Thursday, November 23, 2006

Cada vez mais

Esses dias, quando recebi emails de amigos perguntando como estou, o que tenho feito, como vai a vida, tive sempre o mesmo impulso de resposta mal educado e seco (que não é necessariamente impulsiva, pois a resposta é elaborada em pensamentos e análises e conclusões bem fundamentados).
“Tenho vivido a reclusão em companhia de um bom vinho e meus sons, porque é o que há de melhor a se fazer nesse mundo de idiotas”.
Como esse tema tem povoado meu pensamento, resolvi dar uma elaborada no raciocínio.
Não que eu tenha dúvidas de que o mundo está, realmente, povoado de idiotas, mas porque sou flexível e adaptável e me proponho analisar se o erro é meu, do mundo ou de nenhum dos dois.
Pode ser, por exemplo, um equívoco.
Posso estar sendo injusta, má, anti-social. Uma bruxa, enfim.
E se sou realmente uma bruxa, quero ter certeza que o sou com argumento e fundamentação.
No entanto, de repente, posso concluir que não sou bruxa nenhuma.

Eu me irrito.
Veja bem, não estou constantemente irritada, não xingo ninguém, não mando ninguém à merda e tal.
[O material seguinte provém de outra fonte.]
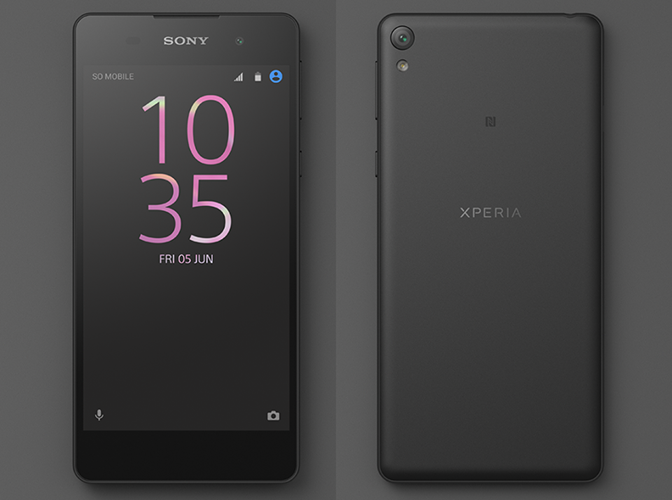 Sony показала смартфон среднего класса Xperia E5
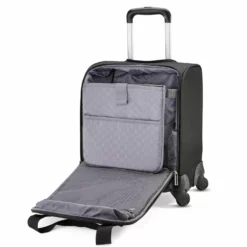Samsonite Underseat Spinner With USB Port Carry-On Luggage, Jet Black, One Size -TRAVELPRO Sales 91zihGgSKbL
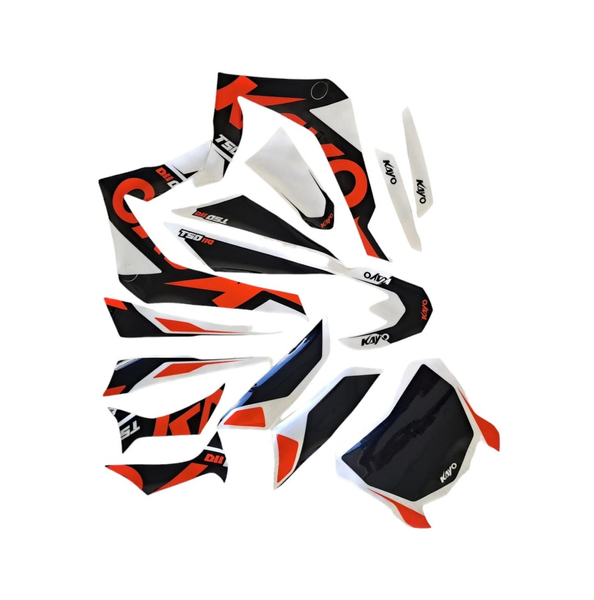 Okleina komplet grafik pitbike Kayo TSD110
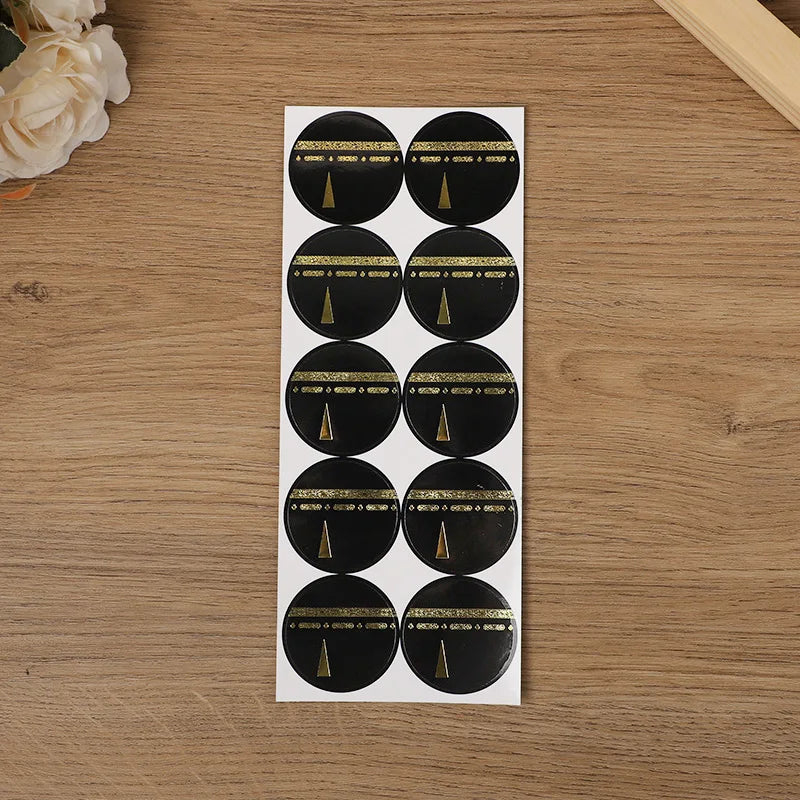 30/60pcs 4cm Umrah Mubarak Paper Stickers Muslim Islamic Party Gift Wrapping Decoration Eid Ramadan Candy Box DIY Label Sticker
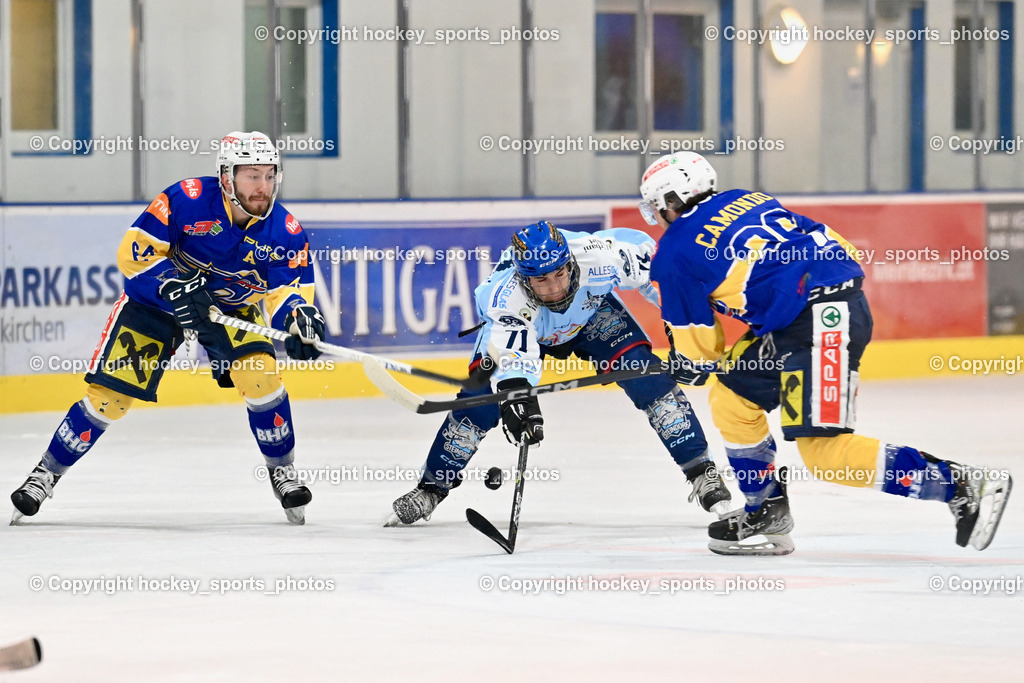 ESC Steindorf vs. HC Kufstein Dragons 25.2.2023 | #64 Ahonen Leevi, #71 Dobnig Elias, #29 Camondo Maximilian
Tive educação britânica e, mesmo que o desejo seja enorme, não consigo mandar ninguém tomar no cú.
“Ah! Me deixa! Vai tomar no cú!”
Adoraria, com todas as minhas forças, fazer isso um dia.
“Cara, não to a fim de falar, nem de te escutar, nem de sorrir pra você. Então vai pra lá que eu vou pra cá e ficamos bem”.
Me sinto uma cobaia do “Laranja Mecânica”, pois quando penso em falar essas coisas parece que vou cair, rolar no chão e me debater em sofrimento profundo.
Tá, não consigo e pronto. Parabéns papai e mamãe que me educaram direitinho. Sou um doce de menina.
Deixemos claro: isto não é uma prece de revoltada. Nem uma ode à eterna adolescência inconseqüente.
Pelo contrário. Quando eu era mais nova, queria agradar e convencer o mundo de que eu era legal e interessante e “in” e descolada e super gente fina.
E acho que eu era tudo isso mesmo. Talvez até continue sendo.
Só que eu canso.
To com preguiça.
E então, sutilmente (já que não fui educada pra ser explícita) largo minhas tiradinhas pelo mundo. Entendam o que quiserem, compreendam se conseguirem. Mas deixo meus recados de indignação.
Porque as pessoas estão idiotas,sim, meu Deus!
Primeira conclusão: sou uma bruxa inteligente porque sei xingar nas entrelinhas. Sei vomitar sorrindo.
Ponto pra mim.
E cada vez me certifico mais de que um bom vinho, meus sons e minha casa são bem melhores do que qualquer companhia previsível, qualquer baladinha fútil ou porre sem sentido.
É triste, bem sei. A solidão me incomoda.
Mas já tenho subterfúgios pra isso também.
Coloco um blues que me suba pelas veias, que me aqueça o sangue, que me eleve o espírito. Meus pêlos se arrepiam e um sorriso de prazer vaza, involuntário, por meus lábios. E então danço nua, sozinha, sorrindo pela casa. Taça de vinho na mão, luz baixa, som alto. Desejo, movimento, ritmo, curvas. Me abasteço com meus prazeres. Vou me curtindo, me estudando e me fortalecendo em mim mesmo.
“Pra se ter firmeza de vontade moral é necessária certa força física”, diz meu atual companheiro Henri Charrière.
E não estou disposta a abrir meu mundo pra qualquer idiota. Nem em carne, nem em mente.
(e há quem saiba que existem espaço e disposição de sobra para doçura em mim)
(e há aqueles, sem dúvida, que me fariam abandonar minha reclusão em segundos, pelo simples prazer da companhia ou apenas meia dúzia de palavras reticentes... você sabe, você sabe...)
O fato é que minhas noites, o que tenho de Meu depois de um dia cheio de contatos e relações profissionais, são felizes e divertidas. Seja fazendo um jantar bem feito, dançando, lendo, ouvindo música ou, simplesmente, não fazendo nada. Dormir é uma delícia.
Estou de bem com o mundo e as pessoas dele. Sem mágoas, traumas ou desilusões. Apenas vejo-o puramente como é. Não o mascaro, não me deslumbro.
E fico, cada vez mais, de bem comigo.